Hubby adding his two cents................I never knew what racism was becasue I was living in oblivion. The closest I came to anything was when a little Latina called me a Honky in grammer school. That being said, I now see the disgusting realism of racism within our society just as you discribe it, "quieter, understated, but present nonetheless". The fact that one of our neighbors has a "white pride" tatoo on his neck scares me because it shows the more glaringly obvious side of racism. They are uneducated and ignorant. Sadly, racism could be dealt with head on but due to it's "underground" nature it makes it difficult. In fact our "acceptance" to live and let live, a very Californian trait, helps to propagate the perception that it is acceptable. I have learned that even the simple "innocent jokes" maintain the acceptability. If they don't "get it" they don't deserve to be part of our wonderful lives.

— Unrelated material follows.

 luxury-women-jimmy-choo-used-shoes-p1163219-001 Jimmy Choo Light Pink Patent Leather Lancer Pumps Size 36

I love you because you are a wonderful woman, fantastic mother to our beautiful baby girl, you are beautiful inside and out, intelligent, thoughtful, generous, talanted, unafraid to call out moral injustices, well grounded, organized, responsible, have a high sense of moral accountability and I could never imagine being with anyone but you.

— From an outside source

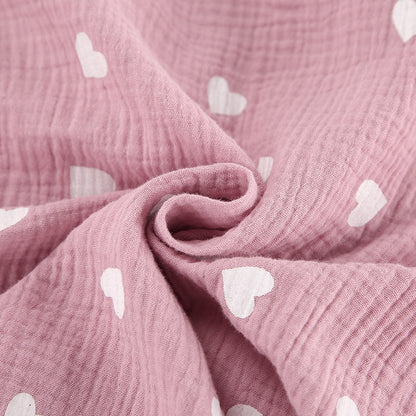 Women’s Cute Button Up Heart Print Pajama Set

Aw. Your husband's a good 'un!
Thanks Jen. Ha! "Politically correct way of saying Backwoods". Funny!
Thanks Foxsy - You're totally correct about the bigotry in-reverse. I've seen it wherever a "minority" group is actually quite large in number. It's all incredibly stupid. Also, I know that I've judged people based on class, and hate it when I realize it later. On some level it's human nature, but on another level it's controllable, so we all need to get a grip on it! :)
Thanks. I hope you are right that as the world becomes more multi-cultural racism will fade. It is fortunate that they aren't rude to my daughter. That would put me over the edge.

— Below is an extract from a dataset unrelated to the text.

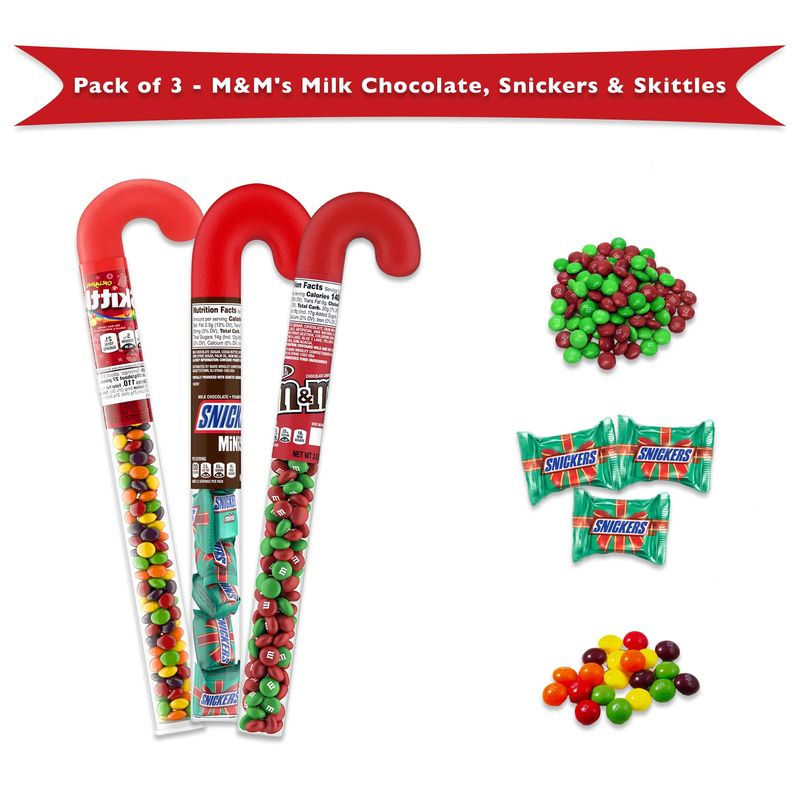 Mini Snickers Candy Cane Tube, Christmas Skittles Filled Candy Cane Tube, and Christmas M Ms Candy Cane Tube- 3 Pack, Christmas Candy Canes Filled With Candy, Candy Canes with Chocolate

Thanks. It does begin with our children. We all begin without pre-conceived notions of "color". It's the lessons we're taught by parents (and society) that direct us on either embracing each other or not.
Yes, at least husband and I know they're definitely not cut out to be our friends. ;) Thanks for the TIG shout-out :)
You're right. Definitely don't want to be friends with them! :)
Thanks Eileen. It is funny how people react about ethnicity. I think it is sad if that woman you mentioned is actually ashamed of her heritage or feels it isn't worthy for whatever reason. I can see how this would happen though. Had I not gone to college (and met fellow Asian-Americans - who validated that my existence wasn't strange), I probably would feel the same way as her.
Thanks. On a similar note, I sometimes wonder if my daughter will feel strange with my brother's family, as his four children are 100% Korean, and deeply emeshed in the culture. Will she feel she is not Korean enough? Will she then turn to my Husband's side of the family which is 100% Caucasian and not feel like she completely fits in there either? I hope neither is the case, and hopefully she will continue to have multi-cultural friends (and possibly a sibling ;) who will help her feel less like an odd woman out.
Ugh. The only shame is those horribly ignorant people! I'm glad to hear though that your loving and supportive family made all the difference. Thanks for commenting.
Thanks Janette. Yes, I hope that the tide changes as more multi-cultural children meet and realize they're great just the way they are.
Thanks for commenting. Unfortunately it's going to take a while before bigotry is a memory, and it is true that as kids we don't see color the same way as adults. Hopefully someday kids won't ever have to lose the colorblind sight.
That's an awesome attitude. I like how you think!